First approach: (Didn’t work) - summing the two criterions and backward the combined loss.

criterion = nn.BCELoss()
d_out_real = model_d(real_input)
real_loss = criterion(d_out_real, real_label)
d_out_fake = model_d(fake_input)
fake_loss = criterion(d_out_fake, fake_label)
total_loss = real_loss + fake_loss

d_optimizer.zero_grad() # Adam optimizer to optimize model_d parameters
total_loss.backward()
d_optimizer.step()

Second approach: (Works fine): backward each criterion loss individually, then taking an optimization step.

criterion = nn.BCELoss()
d_optimizer.zero_grad() # Adam optimizer to optimize model_d parameters
d_out_real = model_d(real_input)
real_loss = criterion(d_out_real, real_label)
real_loss.backward()
d_out_fake = model_d(fake_input)
fake_loss = criterion(d_out_fake, fake_label)
fake_loss.backward()
d_optimizer.step()

Third approach: (Doesnot work): Exactly like second approach, except for delaying the real_loss.backward() until after I compute the model output and loss from fake data.

criterion = nn.BCELoss()
d_optimizer.zero_grad() # Adam optimizer to optimize model_d parameters
d_out_real = model_d(real_input)
real_loss = criterion(d_out_real, real_label)
d_out_fake = model_d(fake_input)
fake_loss = criterion(d_out_fake, fake_label)
real_loss.backward()
fake_loss.backward()
d_optimizer.step()

Notes:

  • I tried using two BCELoss modules, but it didn’t help.
  • I also tried computing the loss using the functional APIs torch.nn.functional.binary_crossentropy_loss. Also this changed nothing.

Any explanations ?

Thanks,
Moustafa

Hi,

I would expect the three to have the exact same behaviour.
Have you ran each multiple times, isn’t this working/not working because of other stability reasons of GAN that do not always converge for different runs?
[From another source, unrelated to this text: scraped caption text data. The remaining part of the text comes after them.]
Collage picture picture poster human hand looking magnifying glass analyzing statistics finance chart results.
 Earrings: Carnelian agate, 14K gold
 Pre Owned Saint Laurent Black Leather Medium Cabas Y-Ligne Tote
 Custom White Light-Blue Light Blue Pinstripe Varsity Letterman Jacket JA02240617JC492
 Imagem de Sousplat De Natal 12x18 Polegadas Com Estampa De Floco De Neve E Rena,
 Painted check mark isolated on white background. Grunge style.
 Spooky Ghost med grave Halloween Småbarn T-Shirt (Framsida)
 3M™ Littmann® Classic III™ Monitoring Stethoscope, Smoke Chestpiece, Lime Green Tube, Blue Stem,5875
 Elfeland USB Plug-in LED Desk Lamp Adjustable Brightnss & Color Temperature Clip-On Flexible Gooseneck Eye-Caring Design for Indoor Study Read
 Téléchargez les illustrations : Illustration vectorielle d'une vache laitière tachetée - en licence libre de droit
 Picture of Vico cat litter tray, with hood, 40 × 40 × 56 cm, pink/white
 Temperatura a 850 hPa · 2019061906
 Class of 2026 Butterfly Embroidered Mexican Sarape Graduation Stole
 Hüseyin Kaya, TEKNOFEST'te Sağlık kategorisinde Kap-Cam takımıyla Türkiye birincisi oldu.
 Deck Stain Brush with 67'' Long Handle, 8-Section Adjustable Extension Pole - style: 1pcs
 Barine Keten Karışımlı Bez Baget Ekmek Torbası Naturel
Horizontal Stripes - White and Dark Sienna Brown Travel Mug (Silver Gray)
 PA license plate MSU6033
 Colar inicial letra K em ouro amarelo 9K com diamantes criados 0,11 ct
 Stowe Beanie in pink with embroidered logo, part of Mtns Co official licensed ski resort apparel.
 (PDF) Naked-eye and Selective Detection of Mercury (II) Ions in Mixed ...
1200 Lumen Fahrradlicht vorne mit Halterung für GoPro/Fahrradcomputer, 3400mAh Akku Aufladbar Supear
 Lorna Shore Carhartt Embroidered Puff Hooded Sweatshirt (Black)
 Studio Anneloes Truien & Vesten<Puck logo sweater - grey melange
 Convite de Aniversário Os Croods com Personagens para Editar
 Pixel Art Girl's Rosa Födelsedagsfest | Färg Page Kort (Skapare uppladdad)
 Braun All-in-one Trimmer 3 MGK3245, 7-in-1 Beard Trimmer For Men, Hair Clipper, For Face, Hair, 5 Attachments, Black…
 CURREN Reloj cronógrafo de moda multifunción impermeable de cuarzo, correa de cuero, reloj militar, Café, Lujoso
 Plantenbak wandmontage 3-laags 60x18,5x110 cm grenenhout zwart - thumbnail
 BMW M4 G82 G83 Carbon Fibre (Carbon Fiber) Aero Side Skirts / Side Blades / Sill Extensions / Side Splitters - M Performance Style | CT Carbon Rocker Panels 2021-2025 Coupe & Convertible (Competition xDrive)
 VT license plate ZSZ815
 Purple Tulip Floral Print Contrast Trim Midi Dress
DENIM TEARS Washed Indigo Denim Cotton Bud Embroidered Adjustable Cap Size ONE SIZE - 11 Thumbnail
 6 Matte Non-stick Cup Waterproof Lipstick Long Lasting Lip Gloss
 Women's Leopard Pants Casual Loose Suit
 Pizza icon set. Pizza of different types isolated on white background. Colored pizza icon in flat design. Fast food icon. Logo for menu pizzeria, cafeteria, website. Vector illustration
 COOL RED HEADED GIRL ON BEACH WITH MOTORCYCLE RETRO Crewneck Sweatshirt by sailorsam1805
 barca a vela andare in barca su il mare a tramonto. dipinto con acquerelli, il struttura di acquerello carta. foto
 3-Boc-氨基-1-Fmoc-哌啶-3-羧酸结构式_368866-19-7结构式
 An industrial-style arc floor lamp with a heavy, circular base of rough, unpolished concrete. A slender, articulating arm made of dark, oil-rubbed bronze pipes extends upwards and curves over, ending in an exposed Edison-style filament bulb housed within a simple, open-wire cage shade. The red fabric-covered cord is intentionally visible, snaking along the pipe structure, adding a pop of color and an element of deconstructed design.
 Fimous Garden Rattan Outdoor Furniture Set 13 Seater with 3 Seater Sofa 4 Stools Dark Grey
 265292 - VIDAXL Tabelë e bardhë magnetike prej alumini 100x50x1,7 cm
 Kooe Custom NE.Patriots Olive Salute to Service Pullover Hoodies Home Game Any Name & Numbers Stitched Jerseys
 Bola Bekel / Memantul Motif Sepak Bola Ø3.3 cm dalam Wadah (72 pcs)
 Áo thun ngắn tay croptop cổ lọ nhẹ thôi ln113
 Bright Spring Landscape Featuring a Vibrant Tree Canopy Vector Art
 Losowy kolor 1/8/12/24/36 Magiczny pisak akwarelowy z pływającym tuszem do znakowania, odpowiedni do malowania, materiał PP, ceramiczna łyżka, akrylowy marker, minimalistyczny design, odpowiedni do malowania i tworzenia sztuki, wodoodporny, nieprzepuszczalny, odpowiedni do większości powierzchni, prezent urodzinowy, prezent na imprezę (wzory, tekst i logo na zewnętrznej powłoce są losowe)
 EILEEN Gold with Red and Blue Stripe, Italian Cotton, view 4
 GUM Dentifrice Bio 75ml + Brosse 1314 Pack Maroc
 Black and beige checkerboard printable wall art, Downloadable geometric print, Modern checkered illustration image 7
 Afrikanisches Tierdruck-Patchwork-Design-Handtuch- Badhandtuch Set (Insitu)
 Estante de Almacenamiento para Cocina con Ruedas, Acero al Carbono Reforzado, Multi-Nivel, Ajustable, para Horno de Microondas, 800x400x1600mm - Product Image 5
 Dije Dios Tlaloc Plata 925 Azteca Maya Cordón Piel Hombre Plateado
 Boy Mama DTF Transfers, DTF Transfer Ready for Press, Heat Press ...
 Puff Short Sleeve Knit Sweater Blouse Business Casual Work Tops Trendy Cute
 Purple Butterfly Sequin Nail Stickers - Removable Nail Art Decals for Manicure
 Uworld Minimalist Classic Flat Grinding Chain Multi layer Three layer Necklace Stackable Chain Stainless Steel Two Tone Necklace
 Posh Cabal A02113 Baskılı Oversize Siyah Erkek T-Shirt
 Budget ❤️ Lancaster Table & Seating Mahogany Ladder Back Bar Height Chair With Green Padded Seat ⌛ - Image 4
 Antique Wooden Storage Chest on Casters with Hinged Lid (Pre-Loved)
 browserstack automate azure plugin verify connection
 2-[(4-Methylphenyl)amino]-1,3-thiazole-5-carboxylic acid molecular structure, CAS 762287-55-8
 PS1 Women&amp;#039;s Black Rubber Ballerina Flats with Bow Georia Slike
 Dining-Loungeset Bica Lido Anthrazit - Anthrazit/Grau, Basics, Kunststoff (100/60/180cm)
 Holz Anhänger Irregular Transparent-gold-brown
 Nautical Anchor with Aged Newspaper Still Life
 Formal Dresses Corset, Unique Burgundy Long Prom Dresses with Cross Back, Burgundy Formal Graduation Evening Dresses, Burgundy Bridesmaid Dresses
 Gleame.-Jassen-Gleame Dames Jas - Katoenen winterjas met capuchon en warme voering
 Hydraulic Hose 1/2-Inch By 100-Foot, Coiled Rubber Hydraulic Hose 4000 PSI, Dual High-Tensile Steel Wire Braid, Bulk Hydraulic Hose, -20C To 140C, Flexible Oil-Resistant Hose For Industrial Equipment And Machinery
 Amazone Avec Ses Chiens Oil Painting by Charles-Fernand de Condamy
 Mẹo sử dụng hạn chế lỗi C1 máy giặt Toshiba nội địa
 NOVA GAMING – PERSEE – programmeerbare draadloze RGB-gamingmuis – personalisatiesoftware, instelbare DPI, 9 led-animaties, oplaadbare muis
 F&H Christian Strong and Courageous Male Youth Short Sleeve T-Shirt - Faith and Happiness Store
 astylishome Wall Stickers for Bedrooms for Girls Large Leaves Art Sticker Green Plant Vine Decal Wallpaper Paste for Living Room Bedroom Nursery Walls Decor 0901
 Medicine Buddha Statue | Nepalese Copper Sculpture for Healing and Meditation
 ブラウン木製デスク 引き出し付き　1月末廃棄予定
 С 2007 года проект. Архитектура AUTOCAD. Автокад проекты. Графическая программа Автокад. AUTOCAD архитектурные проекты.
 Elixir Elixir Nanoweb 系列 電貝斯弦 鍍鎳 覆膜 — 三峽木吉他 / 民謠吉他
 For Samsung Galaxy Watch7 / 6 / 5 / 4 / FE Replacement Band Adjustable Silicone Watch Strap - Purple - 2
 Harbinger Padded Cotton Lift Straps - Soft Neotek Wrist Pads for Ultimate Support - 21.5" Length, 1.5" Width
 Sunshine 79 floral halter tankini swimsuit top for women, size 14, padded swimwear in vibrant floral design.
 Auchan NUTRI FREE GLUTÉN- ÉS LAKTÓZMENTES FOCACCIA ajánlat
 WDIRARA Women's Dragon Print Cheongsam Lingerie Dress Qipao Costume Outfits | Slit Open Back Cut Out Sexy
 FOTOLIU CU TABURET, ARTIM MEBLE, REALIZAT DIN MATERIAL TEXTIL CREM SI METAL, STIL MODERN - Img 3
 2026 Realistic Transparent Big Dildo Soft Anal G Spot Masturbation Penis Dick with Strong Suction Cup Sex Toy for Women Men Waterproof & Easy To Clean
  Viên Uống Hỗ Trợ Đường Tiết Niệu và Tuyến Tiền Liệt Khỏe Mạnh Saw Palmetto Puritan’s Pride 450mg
Thanks @albanD… Yeah, I ran many times and always getting same results (Only case 2 works)

Could you give some code to reproduce the issue? Do you have custom Functions?

Thanks @albanD. My code (using the working scenario case 2) is available on Github here:

To switch to case 1: you can comment line 170 and replace line 184 by the following line:

errD.backward()

To switch to case 3: you can move line 170 from its position and place it at the top of line 184.

Thanks,
Moustafa